Dans un arrêt récent, la Cour de cassation décide :

 

"Vu l'article L. 114-2 du code des assurances, ensemble l'article L. 114-1 du même code ;

Attendu que pour condamner la société MMA à garantir la société Saint François Labellemontagne des condamnations prononcées à son encontre, l'arrêt retient qu'en déclarant le sinistre par lettre recommandée avec accusé de réception le 15 juin 2006, la société Saglat a valablement interrompu contre la société MMA le délai de prescription qui courait depuis l'assignation qu'elle avait reçue de la part du département de la Savoie le 13 septembre 2005, de sorte que l'action n'est pas prescrite ;

Qu'en statuant ainsi, sans analyser les termes de cette lettre, la cour d'appel n'a pas donné de base légale à sa décision "

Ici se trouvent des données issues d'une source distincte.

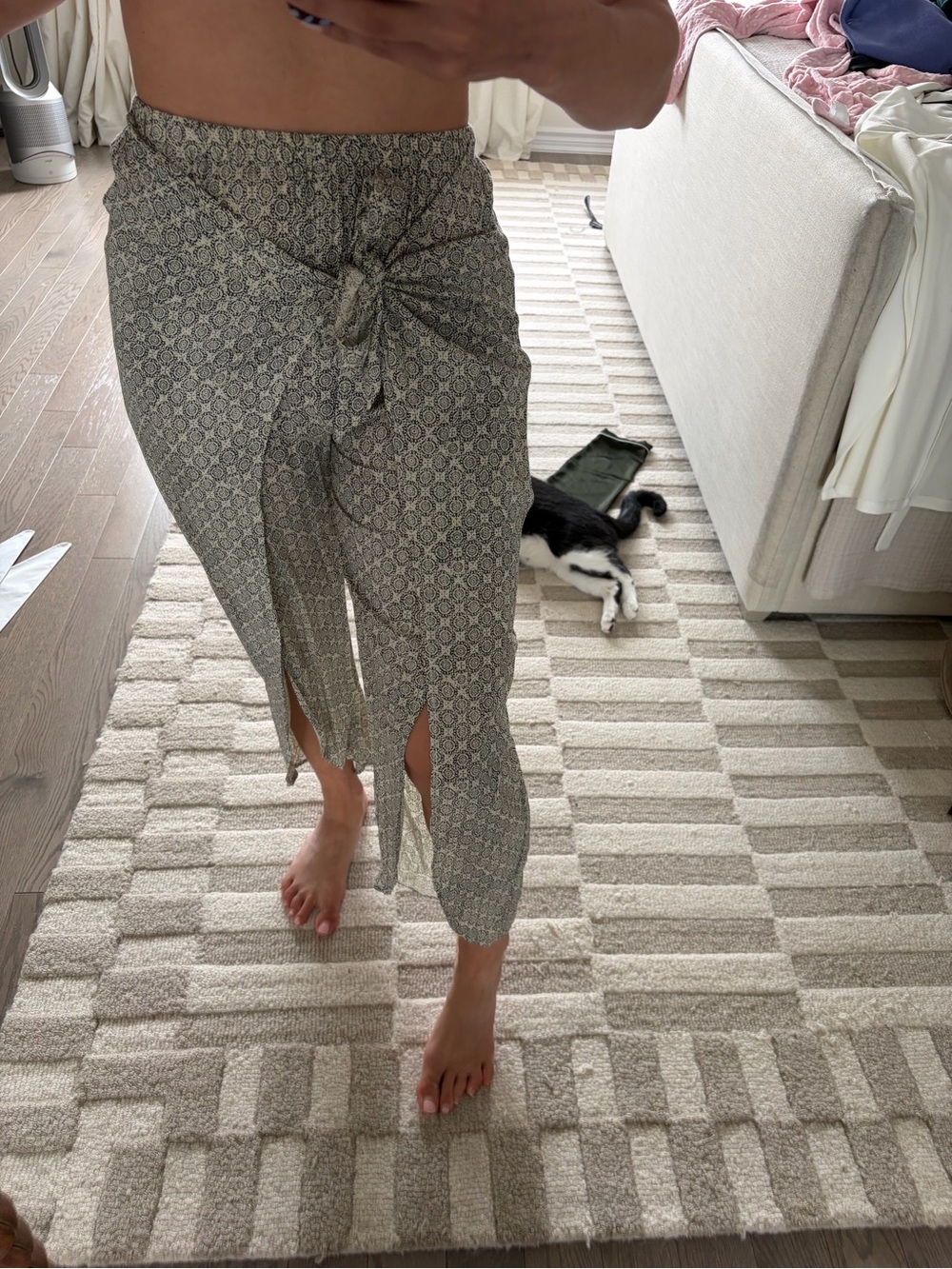 Patterned Pants with Tied Scarf Wrap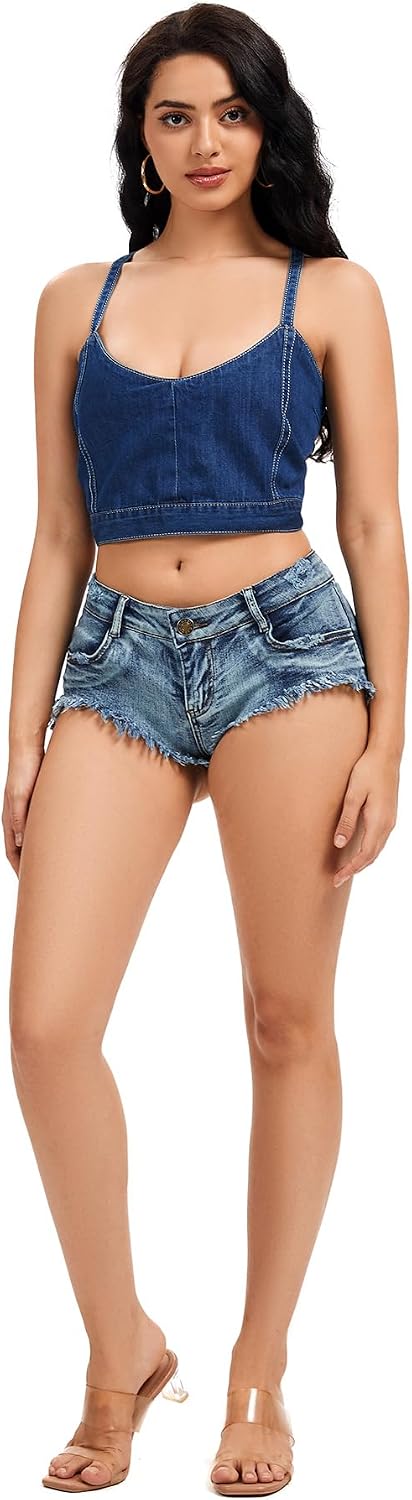 Women’s Sexy Low Rise Frayed Hem Mini Jeans Shorts Casual Stretchy Denim Shorts Hot Pants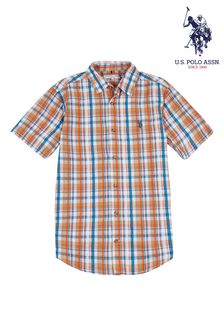 U.S. Polo Assn. Orange Seersucker Check Short Sleeve Shirt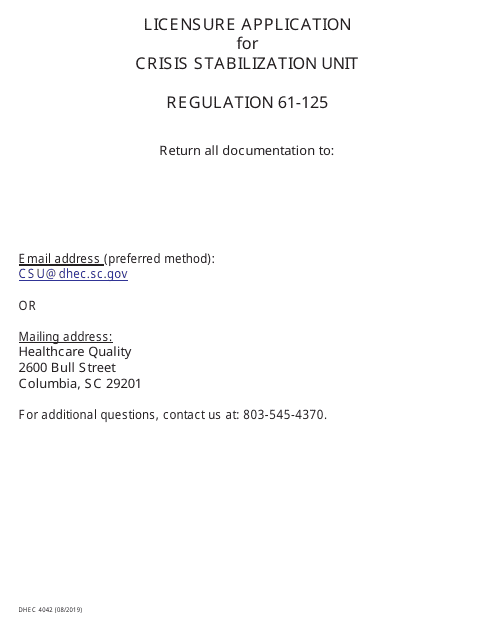 DHEC Form 4042 Licensure Application for Crisis Stabilization Unit - South Carolina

cf Cass. 3e civ., 14 mars 2012, n° 11-11313

Il appartient au juge saisi d’une demande relative à la prescription biennale d’assurance de l’article L. 114-1 du Code des assurances de vérifier, non pas seulement que l’assuré a bien écrit à son assureur par lettre RAR, mais encore d’analyser le contenu de cette déclaration pour savoir si ladite lettre a pu produire un effet interruptif et le cas échéant, pour quelles réclamations expressément visées dans le dit courrier.